DATASET RECORDS below:

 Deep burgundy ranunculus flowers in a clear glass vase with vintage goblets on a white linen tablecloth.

End of DATASET RECORDS.
DATASET RECORDS below:

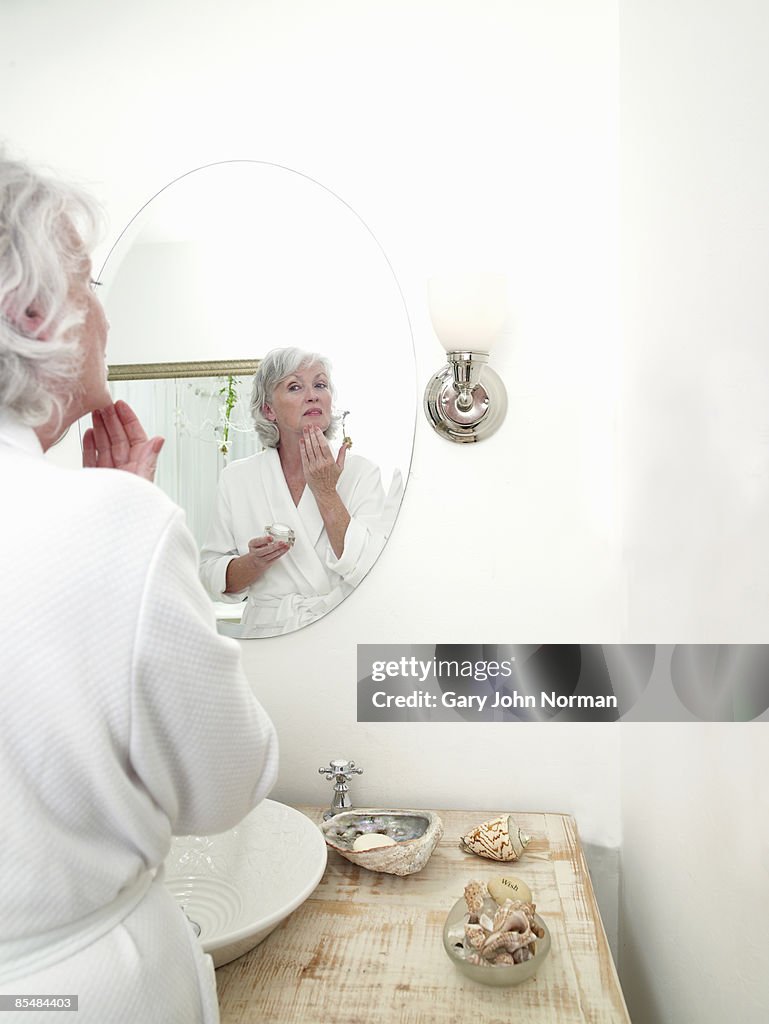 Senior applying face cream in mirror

End of DATASET RECORDS.
DATASET RECORDS below:

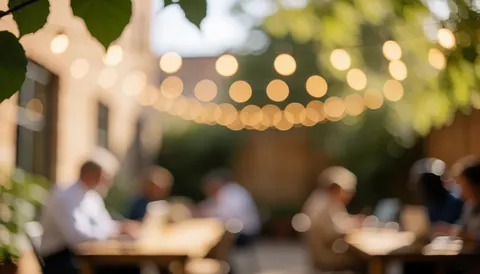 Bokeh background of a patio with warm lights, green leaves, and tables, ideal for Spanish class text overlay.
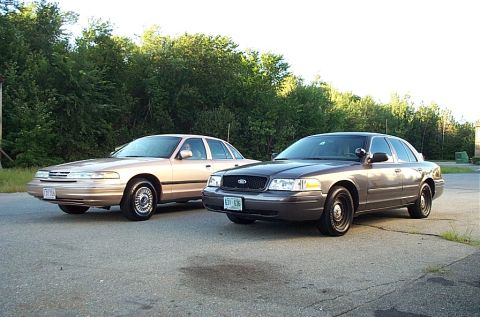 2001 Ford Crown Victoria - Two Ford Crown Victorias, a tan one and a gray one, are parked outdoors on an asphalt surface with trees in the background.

End of DATASET RECORDS.

ABOUT THIS EXERCISE:
What you return from the records above should be exactly everything from the line with "Bokeh background of" down to the line with "2001 Ford Crown", both kept, and no pictures.

RESULT:
 Bokeh background of a patio with warm lights, green leaves, and tables, ideal for Spanish class text overlay.
 2001 Ford Crown Victoria - Two Ford Crown Victorias, a tan one and a gray one, are parked outdoors on an asphalt surface with trees in the background.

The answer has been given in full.